Curious concerns

Published On: October 27, 2017 07:36 AM NPT By: Aditi Sharma

“Are you planning a baby?”
“When are you going to have a baby?”
“You should have a baby.”
“You have been married for four years, why don’t you have a baby?”
“Listen to your elders and have a baby now.”
“The next time we meet, I want to see you holding a baby.”

These are some very common questions and statements I heard this Dashain and Tihar when I met members of my extended family after a year in Delhi. Though I had braced myself for the ‘baby talk’ much before I landed in Kathmandu for the holidays, I realized nothing prepares you for this nightmare when I had to face it. (I call it a nightmare because 50-year-old uncles winking at you while pointedly looking at your belly stay with you long after the incident and make you shudder.)

A friend says that questions like these shouldn’t be asked and that it’s an invasion of privacy of the couple and I know many of you will agree with that like I do, but these were the very questions that all my extended family members seemed hell-bent on asking anyway. It didn’t matter that I smiled and turned the other way because I was uncomfortable. They would pester till I actually said something. The something was usually ‘No, I don’t have any plans to have a baby right now” till I realized that this answer was actually inviting further questions and I once again chose to keep mum. And the vicious cycle continued. 

I’m sure many women can relate to this when I say that the questions never stop, and only seem to get worse as you grow up, marry, and eventually have kids (or not).  The men seem to have it relatively easy, sipping on a glass of scotch and ice as their wives get bombarded with questions. When I wasn’t married, the main concern of my relatives was when I would settle down. As soon as I got married, the question changed to when I will start a family. I now know well enough that the questions won’t stop even if I have a kid. Then it will be about when I will plan another baby, because at least two is a must. 

I recently told my mother and grandmother that I didn’t plan to have children (just joking of course, just in case my husband is reading this). The response from the both of them was, “You will have children. You must have children.

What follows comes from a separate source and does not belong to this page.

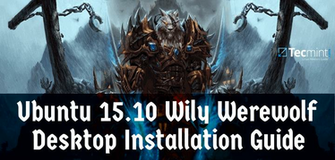 Ubuntu Codename Wily Werewolf Released Desktop Installation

You can’t let your family line die with you.” I even told then that I could consider adopting then, and while my mother wasn’t opposed to the idea she insisted that I must have at least one of my own too.

And if pressure from your family and relatives wasn’t enough, sometimes there’s also pressure from friends. A colleague once confided me in that she felt left out, as one by one her friends got pregnant and moved towards parenthood. She would meet up with her friends and find herself alone in the crowd, as the talk moved from how expensive diapers were to daycare options. She even said that she felt she could either join the group by having a child herself or find a new group of friends. And as the possibility of the latter seemed more imminent, she grew taciturn and got even a little depressed. 

Then there’s social media to add even more pressure. Like there wasn’t enough already. Facebook and Instagram, it seems, have given us a front row seat to everyone’s life and while sometimes holding a baby might seem tempting when you look at photos of your friends holding their ‘bundle of joy’, I think I’d rather not give into an impulse and wait until I’m ready, mentally and financially. 

Then there are people who get all scientific and start talking about how your biological clock is ticking. A ‘well-meaning’ relative even went as far as to tell me that one day I might want children only to realize I can’t conceive anymore. Thank you for your concern. Your comments made me rush home and google things like, “Is 34 too old to have your first baby?” and then “Can you still get pregnant when you are 35?” as soon as I woke up the very next day. 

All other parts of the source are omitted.